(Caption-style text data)
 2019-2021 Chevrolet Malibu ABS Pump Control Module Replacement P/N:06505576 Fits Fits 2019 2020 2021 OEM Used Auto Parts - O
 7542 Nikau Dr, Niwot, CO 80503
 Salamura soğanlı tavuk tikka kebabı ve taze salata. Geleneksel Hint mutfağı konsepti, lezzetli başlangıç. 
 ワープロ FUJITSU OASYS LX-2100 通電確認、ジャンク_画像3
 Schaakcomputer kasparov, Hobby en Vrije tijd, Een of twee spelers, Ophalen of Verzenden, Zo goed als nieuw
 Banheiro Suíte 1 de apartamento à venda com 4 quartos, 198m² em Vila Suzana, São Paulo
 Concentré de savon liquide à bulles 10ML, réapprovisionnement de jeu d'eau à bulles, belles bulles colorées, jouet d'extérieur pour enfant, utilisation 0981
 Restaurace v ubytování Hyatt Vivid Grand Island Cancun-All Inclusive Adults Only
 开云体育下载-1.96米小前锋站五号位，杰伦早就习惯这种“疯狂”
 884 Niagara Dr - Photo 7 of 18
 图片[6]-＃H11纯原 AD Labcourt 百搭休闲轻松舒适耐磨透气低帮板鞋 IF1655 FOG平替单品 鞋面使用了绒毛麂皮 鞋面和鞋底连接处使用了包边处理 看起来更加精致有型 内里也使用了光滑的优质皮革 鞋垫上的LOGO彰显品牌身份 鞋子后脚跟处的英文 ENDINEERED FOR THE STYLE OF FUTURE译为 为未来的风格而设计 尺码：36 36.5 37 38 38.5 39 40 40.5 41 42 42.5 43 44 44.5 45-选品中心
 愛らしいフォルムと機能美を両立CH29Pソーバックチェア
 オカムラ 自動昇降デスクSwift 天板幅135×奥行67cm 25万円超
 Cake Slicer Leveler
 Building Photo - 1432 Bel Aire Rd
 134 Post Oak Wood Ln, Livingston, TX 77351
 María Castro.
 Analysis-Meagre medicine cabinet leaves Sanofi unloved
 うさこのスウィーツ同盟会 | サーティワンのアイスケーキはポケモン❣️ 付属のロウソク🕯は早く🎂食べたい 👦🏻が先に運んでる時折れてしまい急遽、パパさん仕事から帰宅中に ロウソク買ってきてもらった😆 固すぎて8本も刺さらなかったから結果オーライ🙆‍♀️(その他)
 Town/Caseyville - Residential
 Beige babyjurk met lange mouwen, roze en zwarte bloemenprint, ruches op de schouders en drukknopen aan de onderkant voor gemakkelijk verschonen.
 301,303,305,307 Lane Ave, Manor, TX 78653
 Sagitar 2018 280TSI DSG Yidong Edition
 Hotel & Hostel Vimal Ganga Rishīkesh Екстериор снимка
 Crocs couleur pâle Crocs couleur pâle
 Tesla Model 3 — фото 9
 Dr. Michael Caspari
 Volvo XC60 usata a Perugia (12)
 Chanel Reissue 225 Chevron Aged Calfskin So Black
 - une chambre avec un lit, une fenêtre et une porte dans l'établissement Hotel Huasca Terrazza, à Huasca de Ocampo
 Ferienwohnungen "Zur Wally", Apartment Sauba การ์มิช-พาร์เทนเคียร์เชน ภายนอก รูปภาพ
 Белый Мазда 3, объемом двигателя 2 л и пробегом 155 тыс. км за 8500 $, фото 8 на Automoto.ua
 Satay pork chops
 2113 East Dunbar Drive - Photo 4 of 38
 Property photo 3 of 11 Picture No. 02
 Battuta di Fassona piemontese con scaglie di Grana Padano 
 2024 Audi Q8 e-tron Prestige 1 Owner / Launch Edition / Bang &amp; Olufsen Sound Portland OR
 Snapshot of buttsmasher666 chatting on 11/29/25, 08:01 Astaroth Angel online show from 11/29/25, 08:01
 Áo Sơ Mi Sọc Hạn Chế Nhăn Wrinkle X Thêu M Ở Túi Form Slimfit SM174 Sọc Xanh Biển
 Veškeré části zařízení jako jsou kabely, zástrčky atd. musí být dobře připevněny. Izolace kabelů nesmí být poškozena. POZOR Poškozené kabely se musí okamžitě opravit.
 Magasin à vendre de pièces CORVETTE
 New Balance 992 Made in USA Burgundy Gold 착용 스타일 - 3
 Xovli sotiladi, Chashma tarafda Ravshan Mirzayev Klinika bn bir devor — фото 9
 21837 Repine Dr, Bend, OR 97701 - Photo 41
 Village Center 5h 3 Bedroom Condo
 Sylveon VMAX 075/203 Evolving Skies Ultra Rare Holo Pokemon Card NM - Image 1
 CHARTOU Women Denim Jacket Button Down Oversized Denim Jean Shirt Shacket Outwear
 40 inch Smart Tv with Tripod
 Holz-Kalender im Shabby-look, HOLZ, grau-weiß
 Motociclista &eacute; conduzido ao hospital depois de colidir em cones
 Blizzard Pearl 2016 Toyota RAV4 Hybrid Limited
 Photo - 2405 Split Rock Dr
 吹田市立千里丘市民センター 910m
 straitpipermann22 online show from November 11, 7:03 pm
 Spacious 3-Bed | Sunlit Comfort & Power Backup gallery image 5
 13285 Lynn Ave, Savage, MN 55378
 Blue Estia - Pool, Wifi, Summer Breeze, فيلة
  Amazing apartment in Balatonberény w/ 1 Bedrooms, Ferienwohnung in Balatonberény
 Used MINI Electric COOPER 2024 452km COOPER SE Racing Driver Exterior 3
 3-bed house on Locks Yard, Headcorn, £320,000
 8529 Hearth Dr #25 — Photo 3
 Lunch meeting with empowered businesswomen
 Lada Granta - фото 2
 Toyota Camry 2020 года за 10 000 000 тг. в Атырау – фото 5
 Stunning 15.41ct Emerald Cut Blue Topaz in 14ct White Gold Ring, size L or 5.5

HOW TO COMPLETE THIS TASK → Transcribe the records above from the line holding "Concentré de savon" down to the line holding "Áo Sơ Mi Sọc", inclusive, without adding anything.

EXERCISE RESPONSE →
 Concentré de savon liquide à bulles 10ML, réapprovisionnement de jeu d'eau à bulles, belles bulles colorées, jouet d'extérieur pour enfant, utilisation 0981
 Restaurace v ubytování Hyatt Vivid Grand Island Cancun-All Inclusive Adults Only
 开云体育下载-1.96米小前锋站五号位，杰伦早就习惯这种“疯狂”
 884 Niagara Dr - Photo 7 of 18
 图片[6]-＃H11纯原 AD Labcourt 百搭休闲轻松舒适耐磨透气低帮板鞋 IF1655 FOG平替单品 鞋面使用了绒毛麂皮 鞋面和鞋底连接处使用了包边处理 看起来更加精致有型 内里也使用了光滑的优质皮革 鞋垫上的LOGO彰显品牌身份 鞋子后脚跟处的英文 ENDINEERED FOR THE STYLE OF FUTURE译为 为未来的风格而设计 尺码：36 36.5 37 38 38.5 39 40 40.5 41 42 42.5 43 44 44.5 45-选品中心
 愛らしいフォルムと機能美を両立CH29Pソーバックチェア
 オカムラ 自動昇降デスクSwift 天板幅135×奥行67cm 25万円超
 Cake Slicer Leveler
 Building Photo - 1432 Bel Aire Rd
 134 Post Oak Wood Ln, Livingston, TX 77351
 María Castro.
 Analysis-Meagre medicine cabinet leaves Sanofi unloved
 うさこのスウィーツ同盟会 | サーティワンのアイスケーキはポケモン❣️ 付属のロウソク🕯は早く🎂食べたい 👦🏻が先に運んでる時折れてしまい急遽、パパさん仕事から帰宅中に ロウソク買ってきてもらった😆 固すぎて8本も刺さらなかったから結果オーライ🙆‍♀️(その他)
 Town/Caseyville - Residential
 Beige babyjurk met lange mouwen, roze en zwarte bloemenprint, ruches op de schouders en drukknopen aan de onderkant voor gemakkelijk verschonen.
 301,303,305,307 Lane Ave, Manor, TX 78653
 Sagitar 2018 280TSI DSG Yidong Edition
 Hotel & Hostel Vimal Ganga Rishīkesh Екстериор снимка
 Crocs couleur pâle Crocs couleur pâle
 Tesla Model 3 — фото 9
 Dr. Michael Caspari
 Volvo XC60 usata a Perugia (12)
 Chanel Reissue 225 Chevron Aged Calfskin So Black
 - une chambre avec un lit, une fenêtre et une porte dans l'établissement Hotel Huasca Terrazza, à Huasca de Ocampo
 Ferienwohnungen "Zur Wally", Apartment Sauba การ์มิช-พาร์เทนเคียร์เชน ภายนอก รูปภาพ
 Белый Мазда 3, объемом двигателя 2 л и пробегом 155 тыс. км за 8500 $, фото 8 на Automoto.ua
 Satay pork chops
 2113 East Dunbar Drive - Photo 4 of 38
 Property photo 3 of 11 Picture No. 02
 Battuta di Fassona piemontese con scaglie di Grana Padano 
 2024 Audi Q8 e-tron Prestige 1 Owner / Launch Edition / Bang &amp; Olufsen Sound Portland OR
 Snapshot of buttsmasher666 chatting on 11/29/25, 08:01 Astaroth Angel online show from 11/29/25, 08:01
 Áo Sơ Mi Sọc Hạn Chế Nhăn Wrinkle X Thêu M Ở Túi Form Slimfit SM174 Sọc Xanh Biển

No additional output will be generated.